The AFL, on the other hand, starting from a base of some five hundred thousand members in 1900, grew to more than four million by 1920 under Gompers’s cautious leadership. His acceptance of political neutrality for the most part was rewarded by increasing respectability and friendly legislation like the Clayton Anti Trust Act of 1914, which specifically exempted unions from its restraint-of-trade penalties. The crowning prize came, however, when Gompers and the AFL supported American entry into World War I, and the former cigar maker was made a member of the Council of National Defense, which ran the wartime economy. In return for a no-strike pledge, unionized workers enjoyed high wartime wages. Far different was the story with the IWW, which resisted the war as a quarrel among competing capitalist governments using working-class youth as cannon fodder. Under wartime sedition laws the government closed IWW offices, tried hundreds of its officials (Haywood included), and gave them jail terms. Big Bill jumped bail and fled to Bolshevik Russia, where he died in 1928. The others were pardoned after a few years, but the back of the organization was broken, as much through left-wing infighting over whether to join the Communists as by previous persecutions.
Up to this point the moral of the story seems clear enough: Gompers had the winning formula, and in the light of the later total collapse of theories of inevitable proletarian revolution, the IWW clearly condemned itself to the junk pile of failed Utopian expectations. Yet the AFL had its losses too. During the twenties its membership shrank by nearly a million, and by the start of the Depression, it was down to nearly half its 1920 strength. Its leadership was remote, many of its constituent unions were under a cloud of scandal, and it was ripe for a challenge that came at last from a rebellious breakaway group that in 1935 formed the Congress of Industrial Organizations (CIO). The CIO boldly organized unskilled workers in key industries like automobiles, rubber, and steel, fought major strikes using some of the IWW’s tactics, and appealed to the ideal of social justice under a capitalist welfare state. Unionized labor reached its best years in the 1940s and 1950s, when it enlisted a quarter of the work force and won substantial gains like pensions, vacations, and health care that certainly qualified as “bread and butter.” By then old feuds had been patched up; the AFL and CIO were reunited, but another long decline in vitality was soon to set in.

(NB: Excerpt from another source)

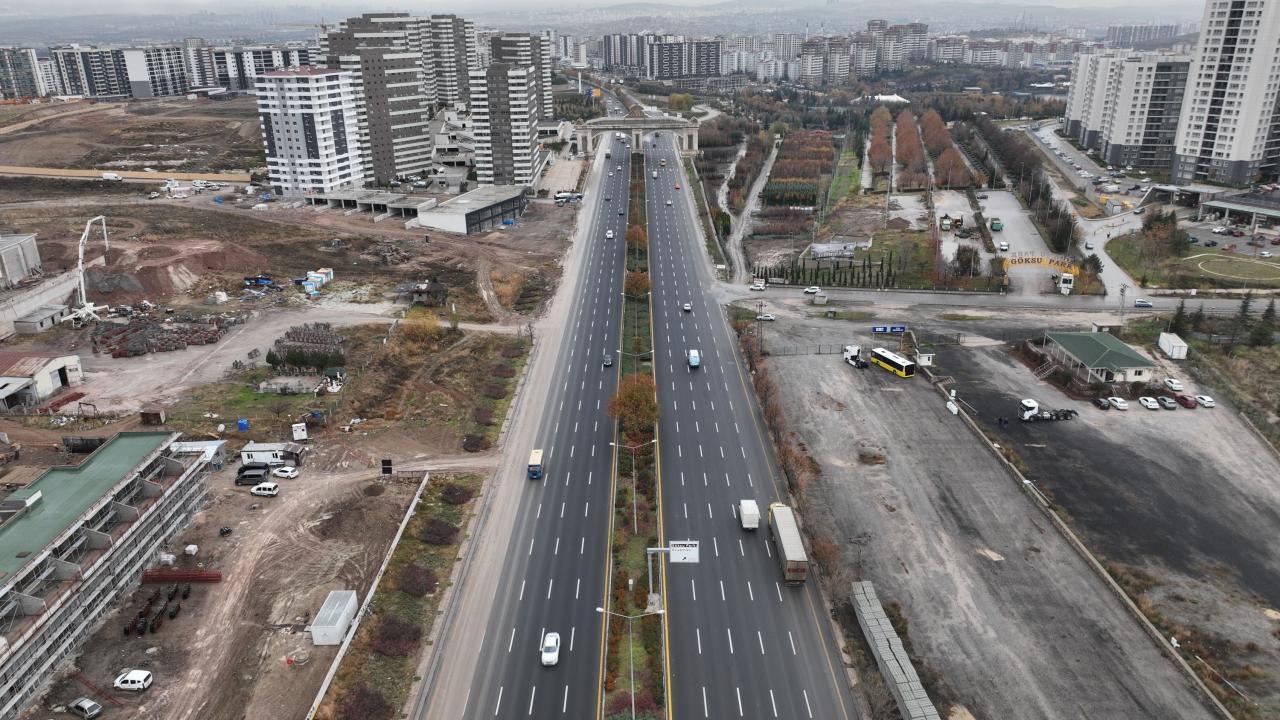 GÖKSU VE SUSUZ MAHALLELERİ ARASINDAKİ TRAFİK SORUNU ÇÖZÜLÜYOR: KÖPRÜLÜ KAVŞAK VE VADİ KÖPRÜSÜ YAPIMI BAŞLIYOR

I am far from arguing that unions do well only when mobilized around revolutionary programs, which are doomed in a country like ours where competitive individualism is a dominant faith and upward mobility a cherished dream. Yet the excitement and zeal that the IWW (and the early CIO) generated seem to me to be critical elements in successful unionism and are a strong protection against corruption and inertia at the top levels of unions that are simply about “making money.”